Technically in this situation: the killer does not lose any of his usual abilities. He can see, he can move, he can hit, he can hook, he can kill, he can open lockers, etc. Survivors are not invisible, invincible, etc. How can we say that the game cannot progress when basically no one is hampered by anything, and that everyone can always act in order to achieve their goal (kill for the killer, and survive for the survivor)?
The game can progress, but the survivors radically shift this responsibility onto the killer, as the survivors rely more on their own survival on the death of the other survivor than on repairing the generators. And how can we prove them wrong?
No one here deserves any punishment, the problem is not the players, but the game. Balancing and snowball are huge problems (which favor those situations when the killer has too much the upper hand), the mechanics of the hatch, the visibility of the survivors, and even the hooks and inaction about camping are not unrelated things to this situation...

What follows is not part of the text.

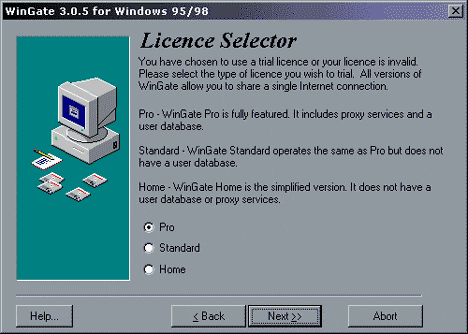 Choix du type d'installation de Wingate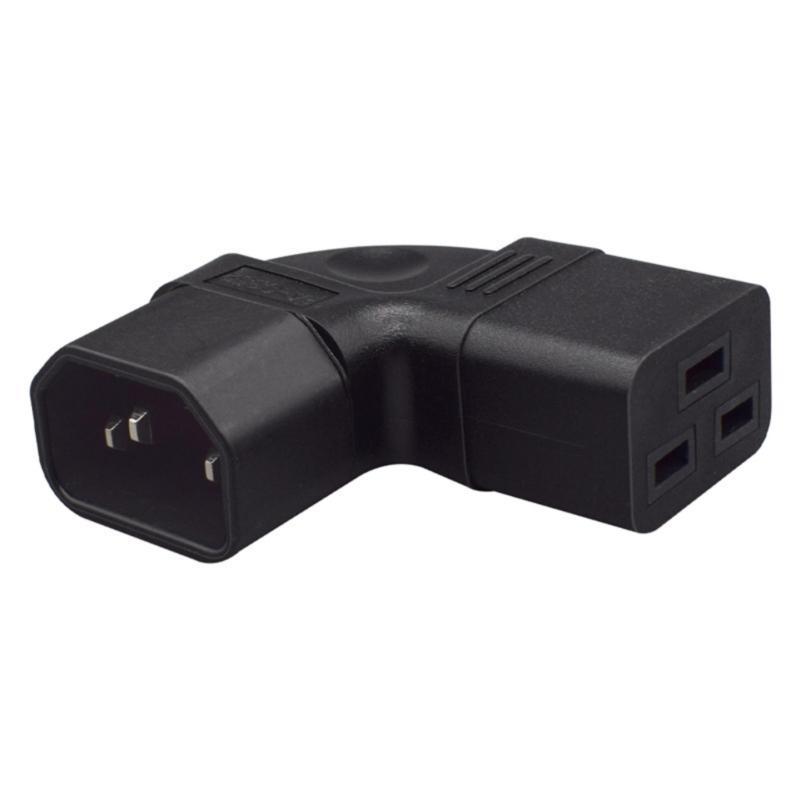 Heavy Duty C14 to C19 Power Cord Adapters 10A Input 15A Output 90 Degree Bend PDU Converters for Industrial Devices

But I no longer have false hopes: be reassured, the officials will say that there is no problem, these survivors are mean, they must be punished, and this killer objectively deserved his 4k, because it is quite normal in a balanced game.
0 -
It's not, because the game state is progressing and the trial will eventually end.
The killer is not refusing to progress things, they are simply progressing them in a different way than you expect.
1 -
There is no hostage games anymore. If you only go to find survivors at generators and they are not there that is not survivors holding you hostage. That is survivors knowing death awaits them at generators and to survive they must wait.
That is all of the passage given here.